Riding the second wave of American running

When asked why American marathoners have slipped so far behind the Africans over the past two decades, and why no other American has broken 2:06, Khalid is emphatic. “We are improving! I think the attitudes of American runners now are totally different. They think they can compete, and win honors, titles and all that. They can go and run with Kenyans and Ethiopians. We saw Meb win New York City. We saw Dathan get a medal in the World Half Marathon. We see people breaking American records, which is good! So you cannot say that because nobody has broken my record that we are not improving.”

Khalid also points to the growing pool of potential champions, as reflected in participation in the Marathon Trials of 2008 vs. the mid-to-late 1980s. “If you look at the number of people competing in the US Trials in ’84 or ’88 [compared to] the numbers in 2008 or 2012, you’re going to see that maybe we’ve tripled the numbers. That’s how you know there are more people coming up. But,” he adds, “It’s going to take a lot of time. And, believe it or not, there are people who are out training a lot harder somewhere else,” with “somewhere else” being a euphemism for “Africa.”

The Africans are the runners to beat, and Khalid has beaten them in the past.

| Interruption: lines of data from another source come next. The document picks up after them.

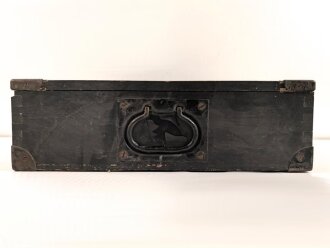Fernschreibstationskasten Wehrmacht. Maße etwa 43 x 47 x 13cm. Originallack, mit Einsätzen, nicht gereinigtes Stück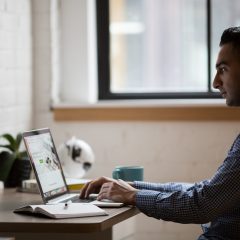 Czy szkolenie BHP przez internet jest ważne? Kiedy forma online spełnia wymogi prawa i dla kogo jest dostępna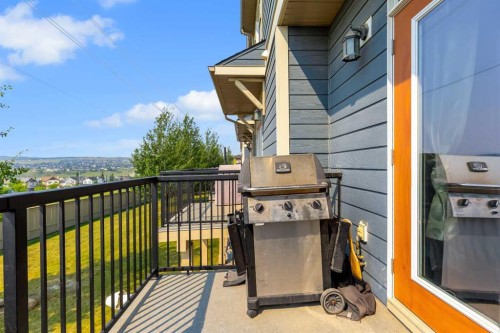 79 Evansview Gardens Nw, Calgary, AB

With Americans now seemingly poised to truly take on the current world-beaters, Khalid wants to once more be among those leading the charge.

For the most part, Khalid’s American cohorts are anywhere from 5 to 20 years his junior. He’ll turn 40 in 2011. Can experience compensate for the unavoidable toll that time takes on a marathoner’s paces? For Khalid, that’s not the relevant question. “I think fresh legs are what really matter. I’ve not been running for almost a year. So I feel like I’m 35 or 34.”

Reaching the age of 40 could be significant for Khalid in several ways. For one, he’ll be competing as a master at that point. That presents even more opportunities – such as new records to break – to add to his list of achievements. The possibility of beating men decades younger than himself is an extraordinary one in its own right. But his new status as a masters runner doesn’t factor into how he thinks about his comeback. “To be honest, I don’t feel like a ‘master.’ You try to take care of business, get healthy and get back to training. I think if I can do that, I still believe I can compete. And if it comes as a master, I don’t mind it.”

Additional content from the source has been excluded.